Freshworks Inc. created history last month by becoming the first software-as-a-service (SaaS) startup from India to list on Nasdaq, making it one of the proudest moments for the Indian startup ecosystem. The company raised more than $1 billion through its public offering, giving it a more than four-fold rise in its valuation at a little more than $13 billion (about ₹97,790 crore).
Freshworks founder Girish Mathrubootham spoke with Mint about the milestone he calls “India’s IPO” and his inspiration from Steve Jobs, even as he explains what Freshworks did right and the future direction of the software startup. Edited excerpts:
How is Freshworks adapting to governance and financial nuances, now that it is a listed company?

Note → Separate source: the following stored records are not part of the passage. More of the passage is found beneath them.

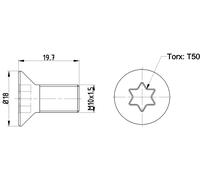 TEXTAR Schraube Bremsscheibe TPM0016 für FORD M10x1,5 Stahl hinten MONDEO 4 BA7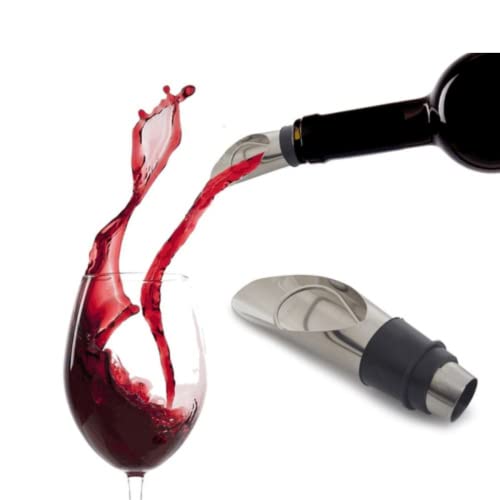 Tampa Rolha Funil Garrafa De Vinho Em Inox Com Bico Dosador Clink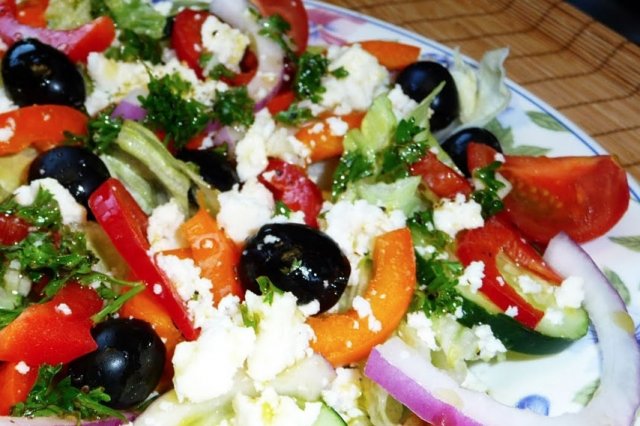 Ensalada Griega Con Queso Feta Receta 5329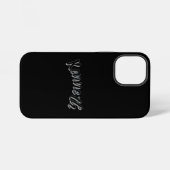 Coque iPhone 12 Mini Kenneth nom masculin, (Verso Horizontal)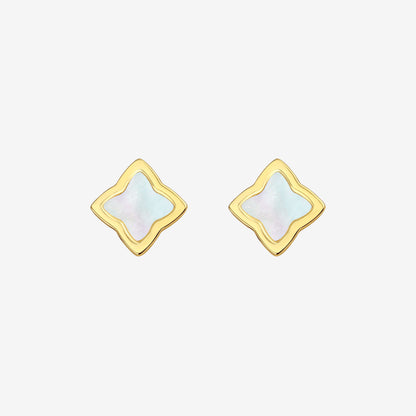 Gold Creia Stud Earrings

At Freshworks, we have been practising life as a public company for 12-18 months. I would say this was a journey, to make sure that we are execution ready and operations ready. When we say operations ready, it means whether Freshworks has all the back-office systems and processes in place to close the books. Execution ready is whether we have the (business) predictability to provide right guidance for every quarter, every year, and so on.
I’m actually feeling energized and humbled by the response to our initial public offering (IPO) and it was truly India celebrating. The Freshworks IPO is India’s IPO. The bigger feeling is of excitement. Pressure is always a privilege. Everyone has a high expectation (of us) and we have to deliver that now.
Prominent venture capitalists have backed you. How was their response on exits? How do you see value creation for public market investors?
I think the IPO has given me the opportunity to fulfil my set of responsibilities to venture capital investors who came with us on this journey starting in 2011. Now, as I take on the role of chief executive officer, I take the responsibility for creating value for a new set of public market investors. Our employees are also shareholders and not different from public market investors.
On exits, most of this is public. For Accel and Tiger Global, we have possibly clocked the largest value of returns, bigger than Flipkart as well. For them, we are the top investment in India (by returns). Our investors are supremely happy.
Now, with the IPO-milestone out of the way, what are the next key priorities for Freshworks?
We look at Freshworks as two broad units, a customer line of business and an employee line of business. With technology evolving, businesses have made investments in siloed tools of customer service, sales customer relationship management (CRM), and marketing automation. We are on this journey to break down these silos and offer an omnichannel solution.
Our mission at Freshworks is to make it fast and easy for every business to delight their customers and employees. That does not change.
We want to build a different kind of software company where we take inspiration from (Apple Inc. co-founder) Steve Jobs, and say it is not about building features but really about focusing on design to make life easier for users. That is the ethos on which our products are built.
We have seen Freshworks cut losses dramatically. Is there guidance on your profitability?
The answer to growth versus profitability is always to look at it as a balance. If we can grow efficiently, we will continue to grow. There is no need to go for profitability just because we must be profitable.